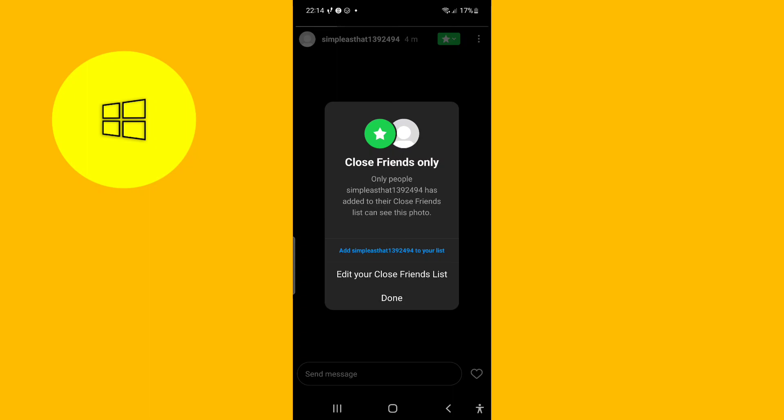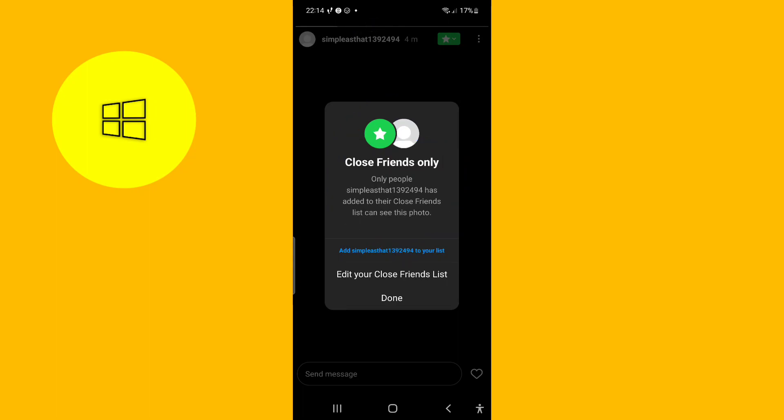And if you press right there at the top, the green thing, it says close friends only, only people that the person has added to their close friends list can see this photo.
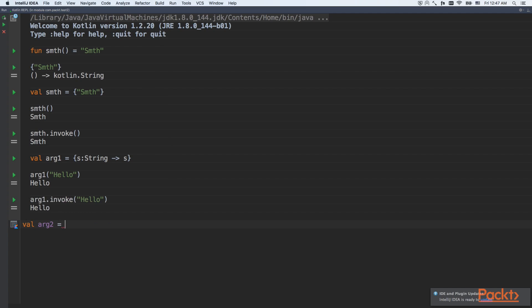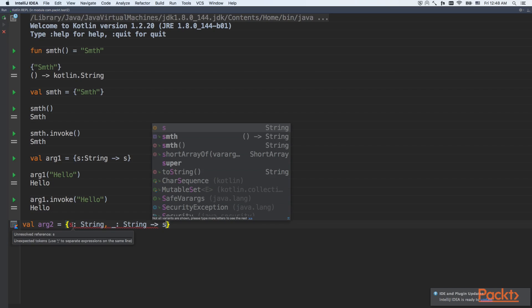Imagine the Lambda that has two arguments, but we'll never use the second argument. In this case, we don't need a name for that. In case we don't plan to use the argument of the Lambda expression, we could replace a name with the underscore.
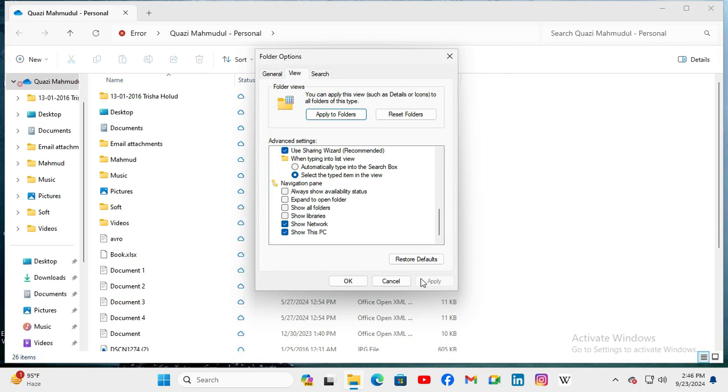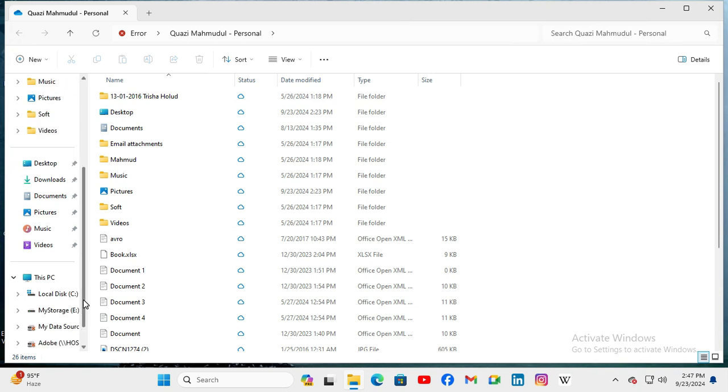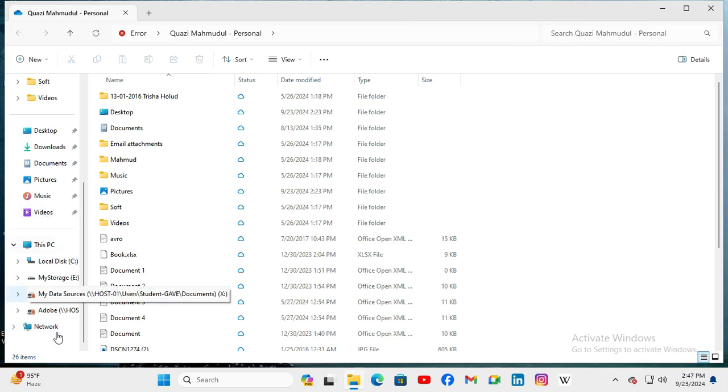then click Apply and then click OK. Now scroll down the navigation pane and look, network is showing now in the navigation pane on File Explorer. This is all for today. Hope this tutorial is helpful for you. Keep watching. Thank you very much.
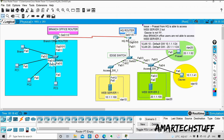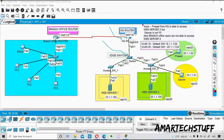We identified two issues: first, the sub-interface configuration for VLAN 20 on the router-on-stick was missing — both the encapsulation and IP address were absent. Second, VLAN 20 was missing on the HQ edge switch. Fixing these two things solved the problem for Gaurav.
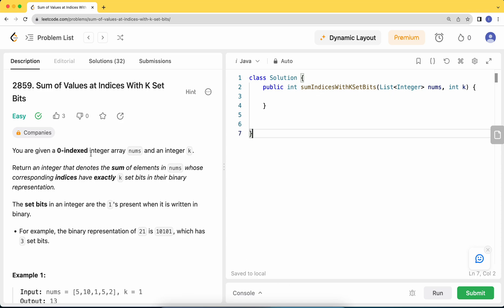You are given a zero-indexed integer array nums and an integer k. Return an integer that denotes the sum of elements in nums whose corresponding indices have exactly k set bits in their binary representation.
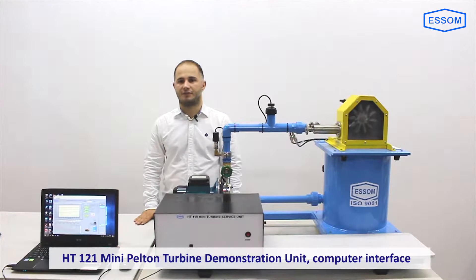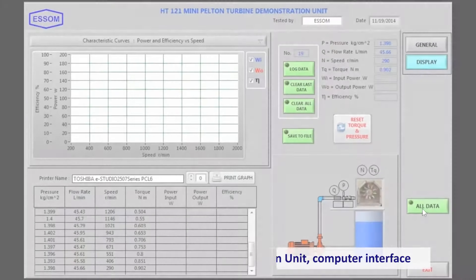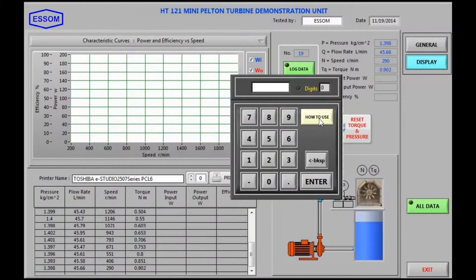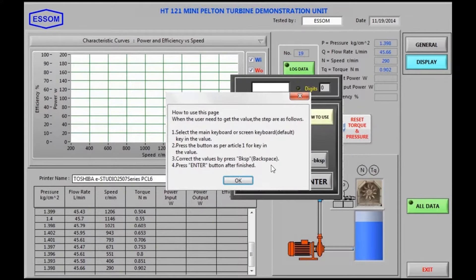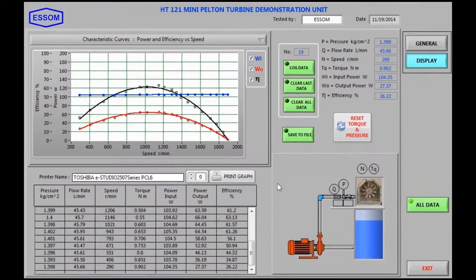SMHT121 Mini Pelton Turbine Demonstration Unit Computer Interface. This is a mini Pelton Turbine for studying the turbine characteristics with data analysis by computer.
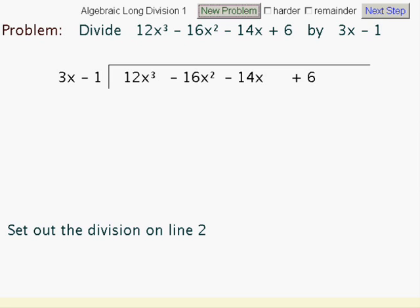In this little clip we're going to be looking at long division using algebra — algebraic long division. We're going to be dividing a linear expression into a cubic one. Our answer is going to appear on this top line here.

▸ Aim of the exercise:
Skipping the pictures, output the entries exactly as they appear above.

▸ Output for this exercise:
And if you press right there at the top, the green thing, it says close friends only, only people that the person has added to their close friends list can see this photo.
Imagine the Lambda that has two arguments, but we'll never use the second argument. In this case, we don't need a name for that. In case we don't plan to use the argument of the Lambda expression, we could replace a name with the underscore.
then click Apply and then click OK. Now scroll down the navigation pane and look, network is showing now in the navigation pane on File Explorer. This is all for today. Hope this tutorial is helpful for you. Keep watching. Thank you very much.
We identified two issues: first, the sub-interface configuration for VLAN 20 on the router-on-stick was missing — both the encapsulation and IP address were absent. Second, VLAN 20 was missing on the HQ edge switch. Fixing these two things solved the problem for Gaurav.
You are given a zero-indexed integer array nums and an integer k. Return an integer that denotes the sum of elements in nums whose corresponding indices have exactly k set bits in their binary representation.
SMHT121 Mini Pelton Turbine Demonstration Unit Computer Interface. This is a mini Pelton Turbine for studying the turbine characteristics with data analysis by computer.
In this little clip we're going to be looking at long division using algebra — algebraic long division. We're going to be dividing a linear expression into a cubic one. Our answer is going to appear on this top line here.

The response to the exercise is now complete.